**SUPPLIED DATA:**
-=-=-=-=-
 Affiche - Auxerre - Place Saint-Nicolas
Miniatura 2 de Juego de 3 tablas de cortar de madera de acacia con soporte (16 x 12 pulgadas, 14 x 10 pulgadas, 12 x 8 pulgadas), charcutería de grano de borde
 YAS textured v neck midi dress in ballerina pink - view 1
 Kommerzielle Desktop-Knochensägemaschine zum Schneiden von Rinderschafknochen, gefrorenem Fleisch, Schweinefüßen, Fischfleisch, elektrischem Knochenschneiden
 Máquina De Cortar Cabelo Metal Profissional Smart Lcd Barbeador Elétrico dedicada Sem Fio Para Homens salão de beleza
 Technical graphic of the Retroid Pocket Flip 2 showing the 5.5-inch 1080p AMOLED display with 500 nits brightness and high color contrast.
-=-=-=-=-
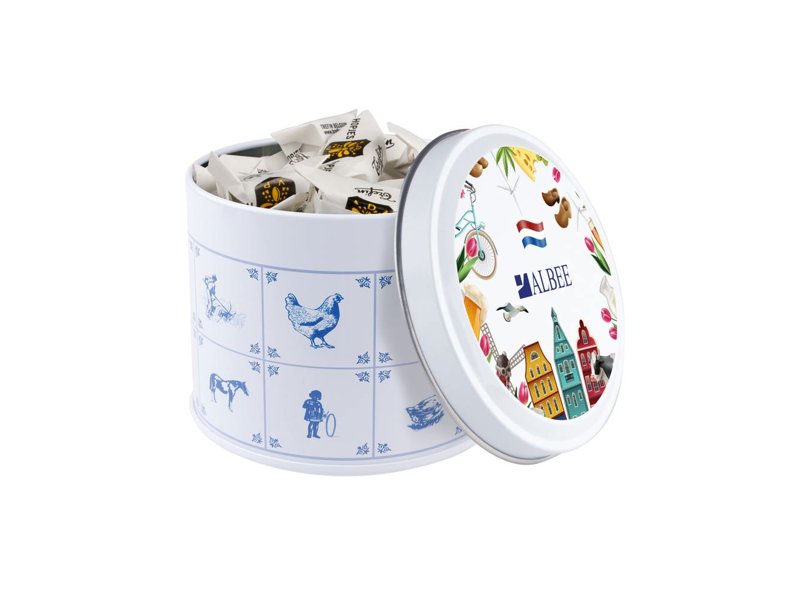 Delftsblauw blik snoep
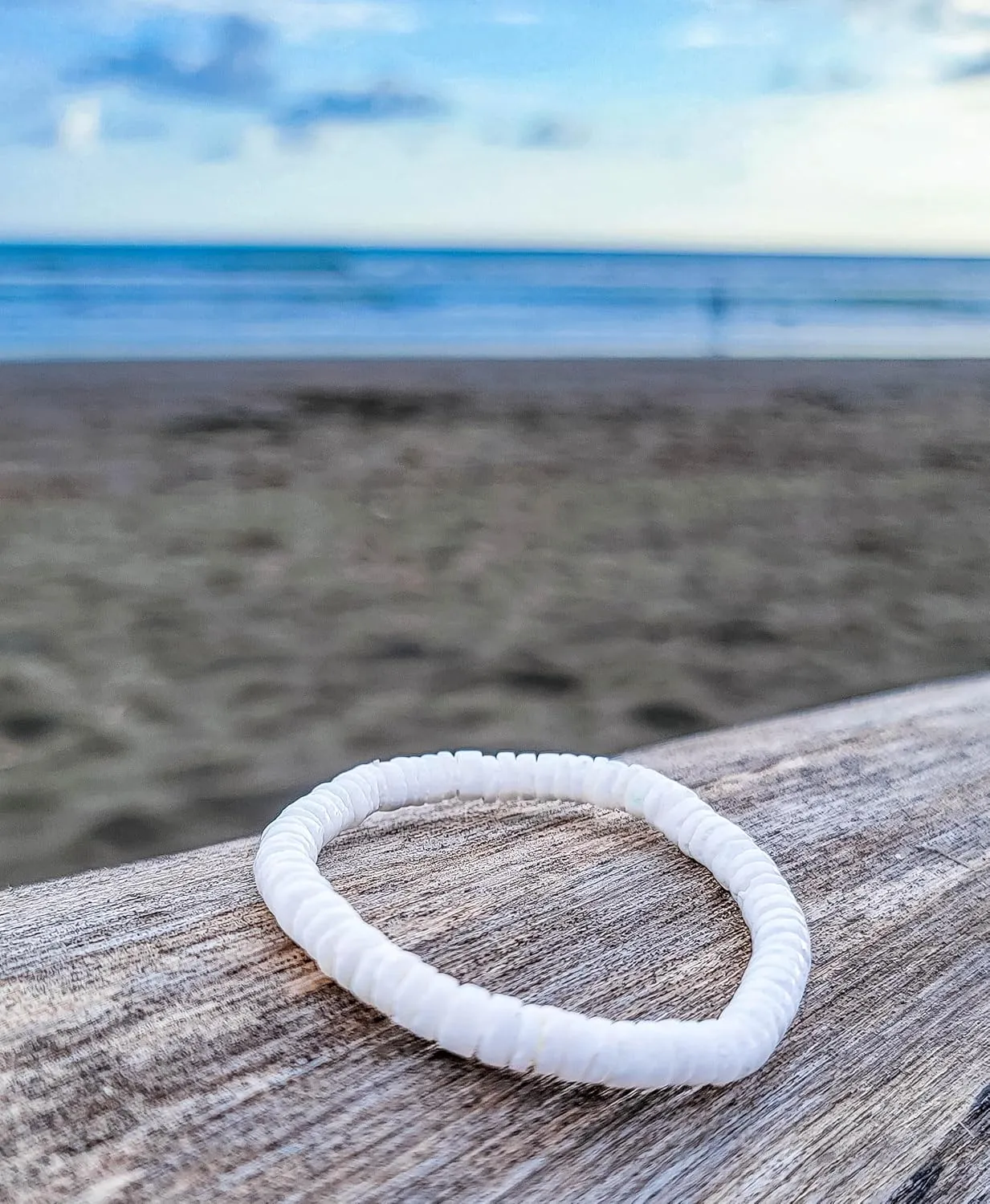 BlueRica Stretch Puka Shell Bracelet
-=-=-=-=-
**EXERCISE:** The entries above hold a line with "Affiche - Auxerre - Place Saint-Nicolas" and a later line with "Technical graphic of". Write out exactly those lines and all lines between, nothing more.

**EXERCISE RESULT:**
 Affiche - Auxerre - Place Saint-Nicolas
Miniatura 2 de Juego de 3 tablas de cortar de madera de acacia con soporte (16 x 12 pulgadas, 14 x 10 pulgadas, 12 x 8 pulgadas), charcutería de grano de borde
 YAS textured v neck midi dress in ballerina pink - view 1
 Kommerzielle Desktop-Knochensägemaschine zum Schneiden von Rinderschafknochen, gefrorenem Fleisch, Schweinefüßen, Fischfleisch, elektrischem Knochenschneiden
 Máquina De Cortar Cabelo Metal Profissional Smart Lcd Barbeador Elétrico dedicada Sem Fio Para Homens salão de beleza
 Technical graphic of the Retroid Pocket Flip 2 showing the 5.5-inch 1080p AMOLED display with 500 nits brightness and high color contrast.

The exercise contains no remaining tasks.